Keterlibatan tokoh publik internasional memperbesar dampak simbolik. Cucu Nelson Mandela yang ikut dalam flotilla, misalnya, membuat kasus ini langsung terhubung dengan sejarah perjuangan anti-apartheid. Bagi banyak pihak, blokade Gaza kini semakin dipandang sebagai bentuk apartheid modern, membebani citra Israel di Global South.
2. Friksi dengan Sekutu Barat
Sekutu Eropa menunjukkan sinyal ambivalen. Spanyol dan Italia mengerahkan kapal angkatan laut untuk mendampingi flotilla pada tahap awal pelayaran, walaupun mereka berhenti ketika armada mendekati wilayah rawan. Langkah ini, meski simbolis, menandakan ketidaknyamanan negara-negara Eropa dengan kebijakan Israel.

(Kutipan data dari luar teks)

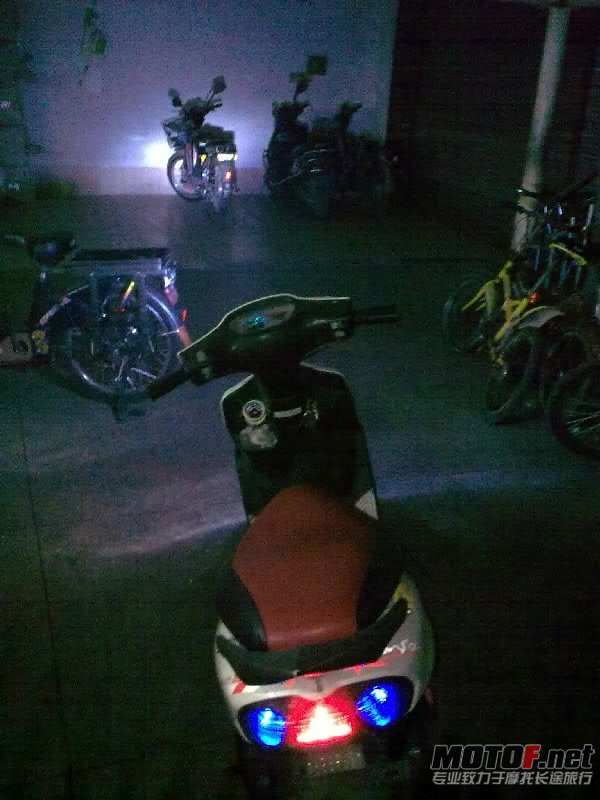 20110305019-001.jpg
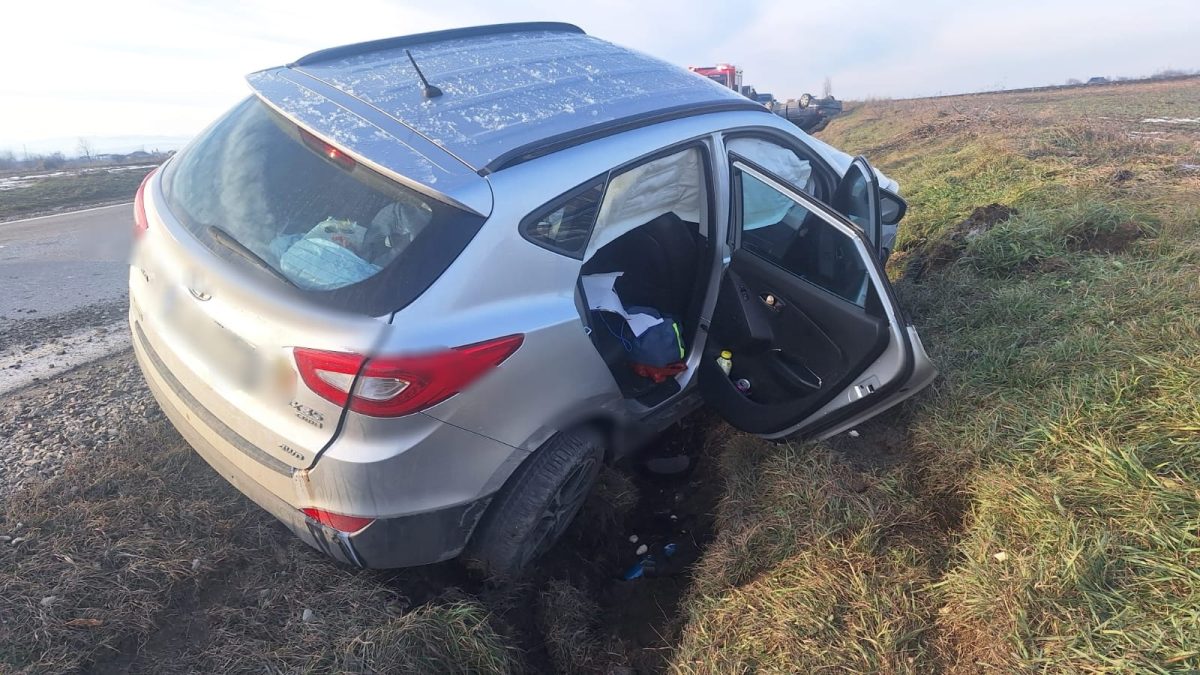 Accident rutier în județul Suceava. 7 persoane implicate, iar una dintre mașini este din Iași – UPDATE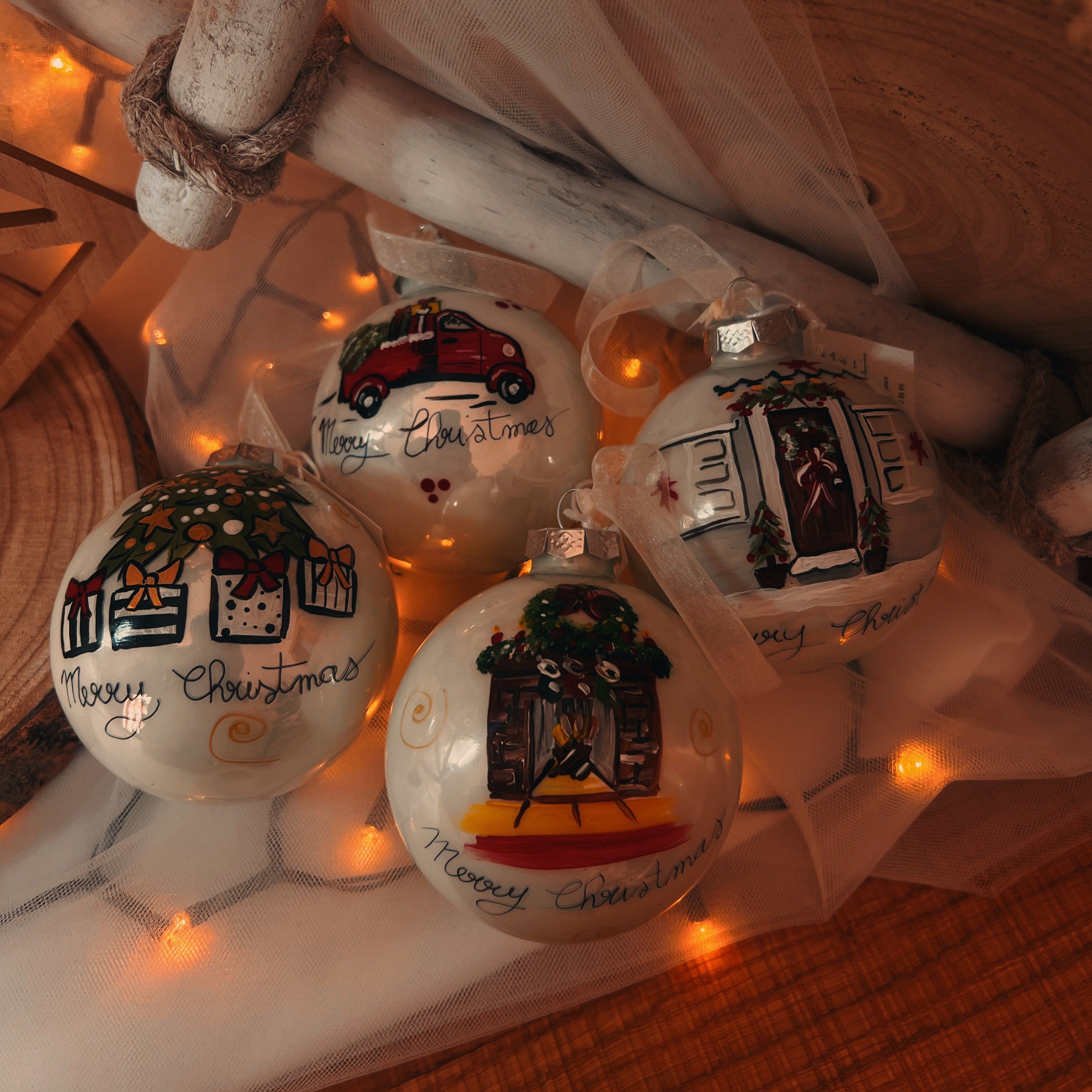 KIT 4 Sfere di Natale in Vetro Personalizzate Soggetti Albero, Porta, Furgoncino, Camino Dipinta a Mano 8cm Ø
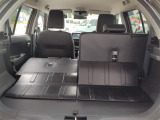 ◇シートアレンジ◇  分割可倒式です。必要な時に倒して、荷物を積み込むことができます!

Bagi Israel, tindakan tersebut mengandung risiko diplomatik jangka panjang: jika insiden di laut menimpa kapal Eropa, krisis bisa meruncing menjadi perselisihan tiga pihak (Israel–UE–aktivis). Sementara itu, Amerika Serikat tetap mendukung Israel, tetapi beban politik untuk membela tindakan intersepsi terhadap misi kemanusiaan semakin besar di hadapan publik internasional.
3. Legitimasi Hukum: Antara Hak Blokade dan Kewajiban Kemanusiaan
Secara hukum, Israel berargumen bahwa blokade Gaza sah sebagai tindakan perang dan berhak mencegat kapal bahkan di perairan internasional. Prinsip ini memang diakui dalam hukum laut internasional, selama blokade diumumkan, efektif, dan proporsional.

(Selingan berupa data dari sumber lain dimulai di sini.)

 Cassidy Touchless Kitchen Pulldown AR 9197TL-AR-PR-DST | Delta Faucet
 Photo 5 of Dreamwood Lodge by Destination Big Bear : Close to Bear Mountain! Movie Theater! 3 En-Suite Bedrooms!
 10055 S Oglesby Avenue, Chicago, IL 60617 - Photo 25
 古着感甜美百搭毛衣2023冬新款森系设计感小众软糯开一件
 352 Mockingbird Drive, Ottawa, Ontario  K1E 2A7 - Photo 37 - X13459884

Namun, banyak pakar hukum dan lembaga HAM menilai blokade Gaza sebagai bentuk hukuman kolektif yang melanggar Konvensi Jenewa. Fakta kelaparan massal dan runtuhnya layanan kesehatan di Gaza memperkuat klaim bahwa blokade ini tidak sah. Setiap kali flotilla dicegat, bukti visual dan kesaksian baru memperkaya dossier hukum di Mahkamah Pidana Internasional (ICC) maupun Mahkamah Internasional (ICJ).
4. Keamanan vs. Biaya Reputasi
Dari sisi keamanan, Israel berhasil mencegah masuknya kapal ke Gaza. Hal ini memberi sinyal kepada publik domestik bahwa pemerintah tetap konsisten melindungi “perimeter nasional.”

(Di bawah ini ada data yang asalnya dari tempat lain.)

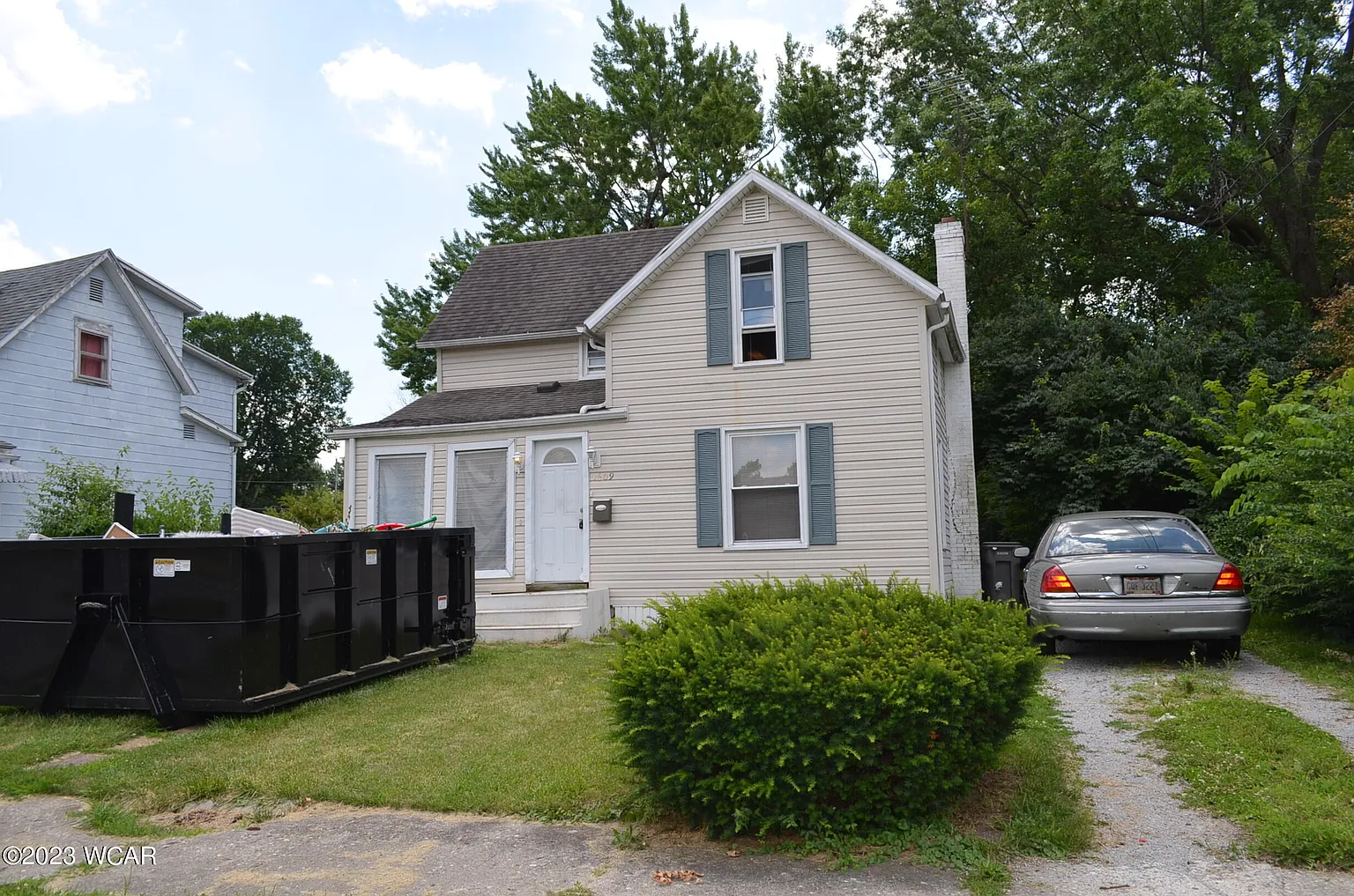 1609 W Spring St photo 1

Namun, harga reputasi yang harus dibayar sangat besar:
- Aktivisme global meningkat: Setiap flotilla yang dicegat justru memperluas jaringan solidaritas internasional.
- Liputan media berulang: Narasi “tentara melawan aktivis” menjadi headline global, menempatkan Israel dalam posisi defensif.
- Banding dengan apartheid: Analogi dengan Afrika Selatan era apartheid semakin sering dipakai, memperkuat stigma isolasi.
Dengan demikian, operasi yang sukses secara taktis justru kontraproduktif secara strategis.
5. Pertarungan Narasi
Flotilla menggunakan siaran langsung dan dokumentasi digital untuk membangun battle of narratives. Aktivis menekankan misi mereka murni kemanusiaan, sementara Israel menuding flotilla sebagai “kampanye delegitimasi.”
Hasilnya jelas: setiap kali komunikasi flotilla terputus akibat intersepsi, muncul gelombang protes di Eropa, Afrika, dan Asia. Narasi kemanusiaan semakin kuat, sementara narasi keamanan Israel kehilangan resonansi di luar negeri.
6. Skenario Jangka Pendek–Menengah
- Status Quo Enforcement (paling mungkin): Israel terus menegakkan blokade, flotilla baru akan tetap muncul, dan siklus kecaman global berulang.
- De-eskalasi Terkelola: Israel membuka jalur bantuan melalui mekanisme pihak ketiga (misalnya PBB) untuk mengurangi tekanan diplomatik tanpa melepas kendali sepenuhnya.
- Krisis Maritim Terpancing (risiko rendah, dampak tinggi): Jika terjadi korban jiwa atau benturan dengan kapal militer Eropa, krisis diplomatik serius dapat muncul, memicu sanksi atau pembatasan militer.
Armada Sumud Flotilla menegaskan paradoks Israel: setiap keberhasilan mencegat kapal bantuan memperbesar kegagalan dalam perang opini global.
Secara militer, Israel tetap memegang kendali laut dan mencegah kapal mencapai Gaza. Tetapi secara strategis, intersepsi berulang hanya memperkuat isolasi internasional, menambah tekanan hukum, dan memperburuk citra di mata dunia.
Tanpa inovasi kebijakan—misalnya membuka koridor bantuan kemanusiaan yang terverifikasi—Israel berisiko masuk dalam lingkaran enforcement–reputational damage yang sulit diputus. Dalam jangka panjang, biaya diplomatik dan reputasi ini bisa lebih berbahaya dibanding ancaman keamanan yang ingin dicegah.